**TASK STATEMENT**:
Lines from the top of the entries through the line that has "5100 Series Rear" must be duplicated exactly, and no others.

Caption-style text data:
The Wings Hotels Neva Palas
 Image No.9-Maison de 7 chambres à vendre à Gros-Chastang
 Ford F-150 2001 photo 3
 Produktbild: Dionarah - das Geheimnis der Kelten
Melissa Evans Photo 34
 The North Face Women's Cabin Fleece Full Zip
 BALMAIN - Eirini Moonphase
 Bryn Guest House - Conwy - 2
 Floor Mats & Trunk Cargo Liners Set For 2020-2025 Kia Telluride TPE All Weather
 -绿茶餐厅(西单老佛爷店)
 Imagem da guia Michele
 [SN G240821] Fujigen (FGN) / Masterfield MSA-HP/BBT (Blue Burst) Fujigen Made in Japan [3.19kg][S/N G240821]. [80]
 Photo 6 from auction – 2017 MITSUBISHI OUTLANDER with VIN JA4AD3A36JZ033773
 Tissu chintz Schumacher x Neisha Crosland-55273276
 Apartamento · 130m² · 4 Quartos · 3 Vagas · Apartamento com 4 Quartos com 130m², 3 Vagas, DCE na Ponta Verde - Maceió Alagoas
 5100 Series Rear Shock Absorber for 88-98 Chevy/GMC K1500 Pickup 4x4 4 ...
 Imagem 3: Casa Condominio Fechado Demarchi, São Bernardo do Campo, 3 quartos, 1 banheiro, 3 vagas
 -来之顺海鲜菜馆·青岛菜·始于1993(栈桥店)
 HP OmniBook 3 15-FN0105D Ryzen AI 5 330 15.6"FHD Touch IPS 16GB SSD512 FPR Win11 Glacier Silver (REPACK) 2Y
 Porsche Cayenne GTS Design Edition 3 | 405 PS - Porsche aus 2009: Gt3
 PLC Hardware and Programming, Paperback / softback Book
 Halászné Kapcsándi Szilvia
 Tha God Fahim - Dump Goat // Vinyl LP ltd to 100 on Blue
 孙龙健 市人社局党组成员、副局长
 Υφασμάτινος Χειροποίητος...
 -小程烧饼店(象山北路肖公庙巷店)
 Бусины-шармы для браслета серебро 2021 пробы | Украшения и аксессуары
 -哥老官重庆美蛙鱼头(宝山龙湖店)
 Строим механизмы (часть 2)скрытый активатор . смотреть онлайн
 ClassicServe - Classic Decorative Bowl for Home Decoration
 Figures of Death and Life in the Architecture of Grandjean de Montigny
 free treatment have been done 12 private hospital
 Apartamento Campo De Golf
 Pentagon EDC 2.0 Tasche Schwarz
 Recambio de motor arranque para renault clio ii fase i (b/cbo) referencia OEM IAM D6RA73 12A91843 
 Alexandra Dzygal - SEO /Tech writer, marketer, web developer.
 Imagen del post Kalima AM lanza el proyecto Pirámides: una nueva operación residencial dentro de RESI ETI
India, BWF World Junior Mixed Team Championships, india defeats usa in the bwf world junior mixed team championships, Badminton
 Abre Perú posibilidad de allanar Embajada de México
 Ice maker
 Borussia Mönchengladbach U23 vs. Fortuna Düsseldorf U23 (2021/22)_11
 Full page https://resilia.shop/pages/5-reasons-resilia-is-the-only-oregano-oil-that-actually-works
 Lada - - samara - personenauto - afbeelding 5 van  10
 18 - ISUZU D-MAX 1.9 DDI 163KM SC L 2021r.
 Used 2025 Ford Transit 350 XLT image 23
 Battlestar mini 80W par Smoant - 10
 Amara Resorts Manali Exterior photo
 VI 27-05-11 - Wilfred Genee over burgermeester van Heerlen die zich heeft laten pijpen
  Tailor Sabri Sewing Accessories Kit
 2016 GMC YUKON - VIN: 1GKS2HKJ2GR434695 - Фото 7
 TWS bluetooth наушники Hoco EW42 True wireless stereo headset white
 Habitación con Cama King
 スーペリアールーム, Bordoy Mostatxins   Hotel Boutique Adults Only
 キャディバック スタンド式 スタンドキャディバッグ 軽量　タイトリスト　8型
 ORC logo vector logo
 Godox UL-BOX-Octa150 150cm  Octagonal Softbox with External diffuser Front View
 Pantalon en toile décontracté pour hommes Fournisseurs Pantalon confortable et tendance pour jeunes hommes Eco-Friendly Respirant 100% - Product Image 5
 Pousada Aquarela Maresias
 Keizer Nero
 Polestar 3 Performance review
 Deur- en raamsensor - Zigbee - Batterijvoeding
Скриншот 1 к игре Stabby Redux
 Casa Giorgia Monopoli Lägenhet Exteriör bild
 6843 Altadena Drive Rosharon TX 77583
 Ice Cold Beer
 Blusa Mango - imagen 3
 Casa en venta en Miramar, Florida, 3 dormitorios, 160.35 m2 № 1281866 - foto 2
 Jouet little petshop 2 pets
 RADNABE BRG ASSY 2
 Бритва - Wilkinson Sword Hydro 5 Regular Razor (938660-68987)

**RESPONSE BELOW**:
The Wings Hotels Neva Palas
 Image No.9-Maison de 7 chambres à vendre à Gros-Chastang
 Ford F-150 2001 photo 3
 Produktbild: Dionarah - das Geheimnis der Kelten
Melissa Evans Photo 34
 The North Face Women's Cabin Fleece Full Zip
 BALMAIN - Eirini Moonphase
 Bryn Guest House - Conwy - 2
 Floor Mats & Trunk Cargo Liners Set For 2020-2025 Kia Telluride TPE All Weather
 -绿茶餐厅(西单老佛爷店)
 Imagem da guia Michele
 [SN G240821] Fujigen (FGN) / Masterfield MSA-HP/BBT (Blue Burst) Fujigen Made in Japan [3.19kg][S/N G240821]. [80]
 Photo 6 from auction – 2017 MITSUBISHI OUTLANDER with VIN JA4AD3A36JZ033773
 Tissu chintz Schumacher x Neisha Crosland-55273276
 Apartamento · 130m² · 4 Quartos · 3 Vagas · Apartamento com 4 Quartos com 130m², 3 Vagas, DCE na Ponta Verde - Maceió Alagoas
 5100 Series Rear Shock Absorber for 88-98 Chevy/GMC K1500 Pickup 4x4 4 ...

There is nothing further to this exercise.